# Realistic Eyeball With Muscle WIP



## Dr. Slickshill (Mar 15, 2005)

Beautiful... nice veins!


----------



## BATFLY (Oct 2, 2004)

that looks really good! and... um.. that mirror pic just looks wrong if you know what i mean (sniff).


----------



## Cassie7 (Sep 5, 2007)

LOL @ the coke mirror thing!

I painted the Rectus muscles pink. Then using my liner brush, I brushed on red and light pink stripes here and there.

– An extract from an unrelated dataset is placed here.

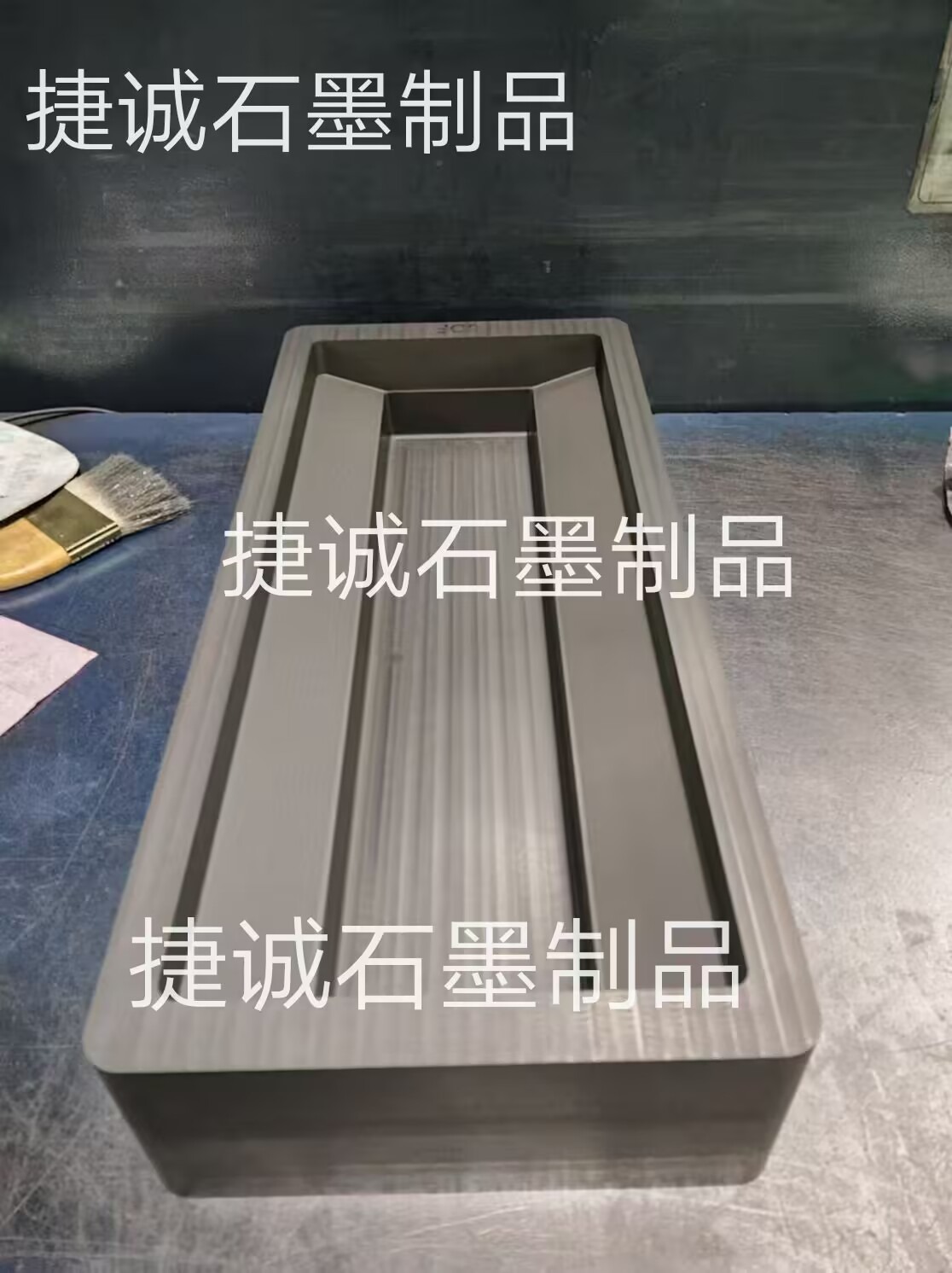 石墨油槽，铸锭石墨油槽，高纯石墨油槽，多槽石墨油槽，耐高溫石墨油槽，金银铸锭石墨模具，石墨油槽石墨铸锭槽，石墨油槽生产厂家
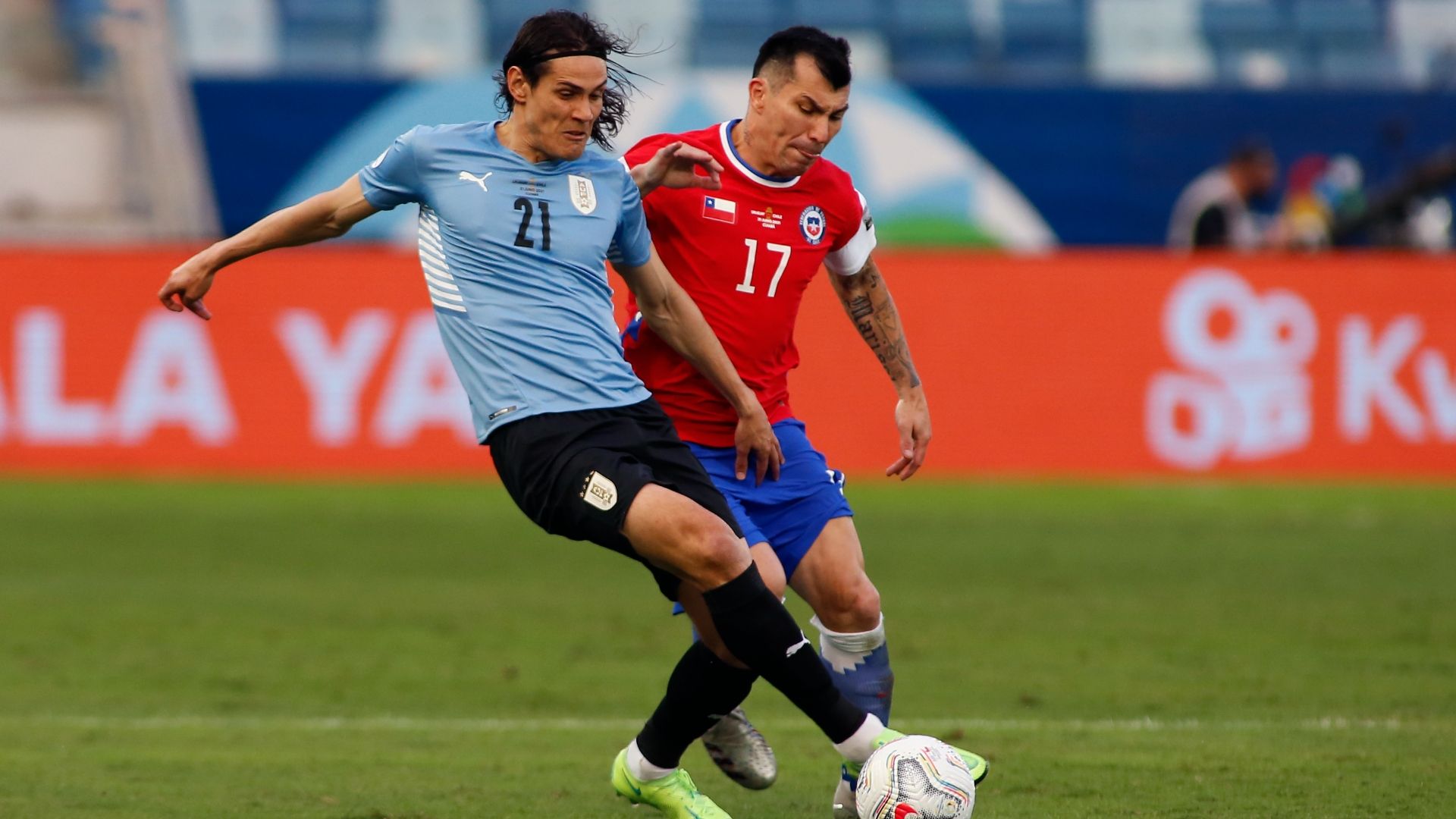 Edinson Cavani - Gary Medel Uruguay Chile Copa América 2021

I attached the muscles with crazy glue and added a little lated to the lip where the muscle meets the eye (to soften the edge). I painted some pink lines going from the muscle onto the eyeball.

I'm calling this done now


----------



## spoongirl (Oct 13, 2007)

Wow, that's really cool! I like how you painted the veins and the muscle's look good as well. Nice job!


----------



## Vee (Oct 9, 2007)

Looks wonderful!


----------



## Cassie7 (Sep 5, 2007)

Glad you all like it! Here it is attached to one of our crows...










And the other crow...


----------



## Phantom Blue (Sep 28, 2008)

Great job.....looks awesome!


----------



## minksocks (Aug 18, 2015)

Great looking eyeball you got there..........


----------



## Ghost of Spookie (Sep 28, 2008)

Great prop from a number of years ago! Thanks for resurrecting this tutorial. And beautiful job Cassie!


----------